Saved data entries:
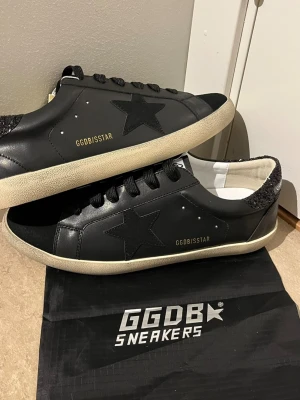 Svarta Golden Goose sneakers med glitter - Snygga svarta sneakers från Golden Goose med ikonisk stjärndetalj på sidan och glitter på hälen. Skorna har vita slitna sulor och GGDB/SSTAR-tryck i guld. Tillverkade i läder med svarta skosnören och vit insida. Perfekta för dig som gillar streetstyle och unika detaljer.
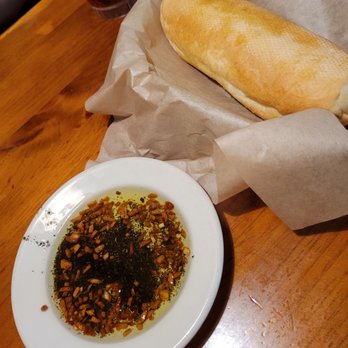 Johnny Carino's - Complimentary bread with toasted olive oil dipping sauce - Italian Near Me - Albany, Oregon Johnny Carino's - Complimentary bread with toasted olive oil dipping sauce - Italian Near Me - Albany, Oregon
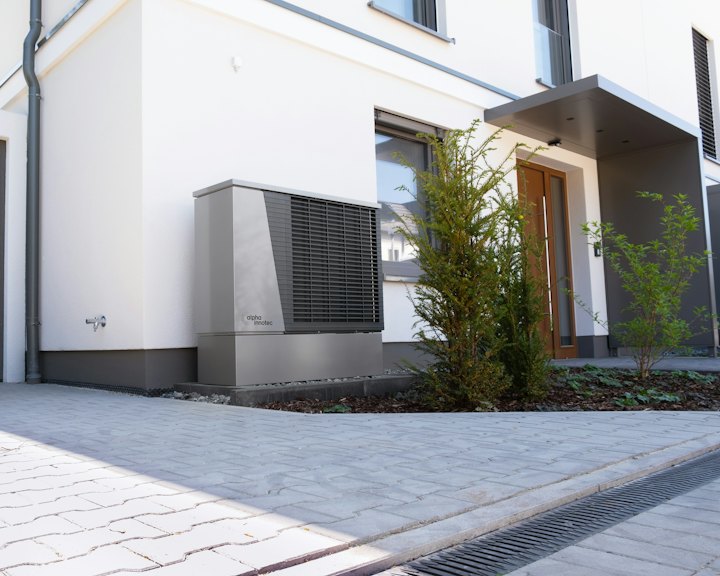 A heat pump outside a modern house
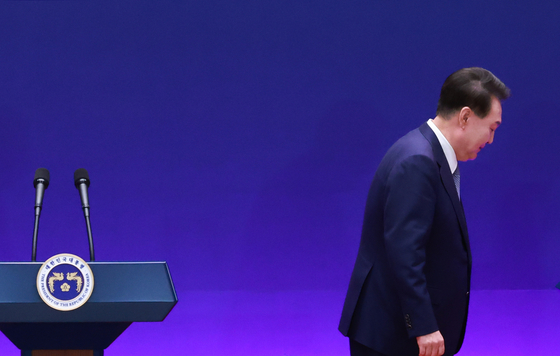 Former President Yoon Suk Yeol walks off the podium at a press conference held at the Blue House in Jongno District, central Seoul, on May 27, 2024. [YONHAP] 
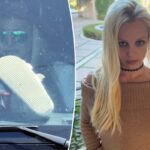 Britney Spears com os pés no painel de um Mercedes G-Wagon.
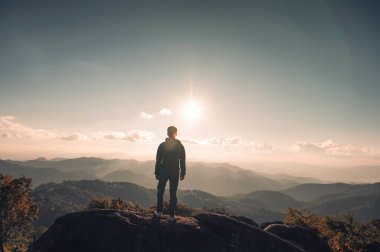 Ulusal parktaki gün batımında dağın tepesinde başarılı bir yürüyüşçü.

*BRIEF*
Please, leaving out all pictures, transcribe exactly the lines above from the one containing "Albany, Oregon Johnny" through the final line, both included.

*WRITTEN ANSWER*
 Johnny Carino's - Complimentary bread with toasted olive oil dipping sauce - Italian Near Me - Albany, Oregon Johnny Carino's - Complimentary bread with toasted olive oil dipping sauce - Italian Near Me - Albany, Oregon
 A heat pump outside a modern house
 Former President Yoon Suk Yeol walks off the podium at a press conference held at the Blue House in Jongno District, central Seoul, on May 27, 2024. [YONHAP] 
 Britney Spears com os pés no painel de um Mercedes G-Wagon.
 Ulusal parktaki gün batımında dağın tepesinde başarılı bir yürüyüşçü.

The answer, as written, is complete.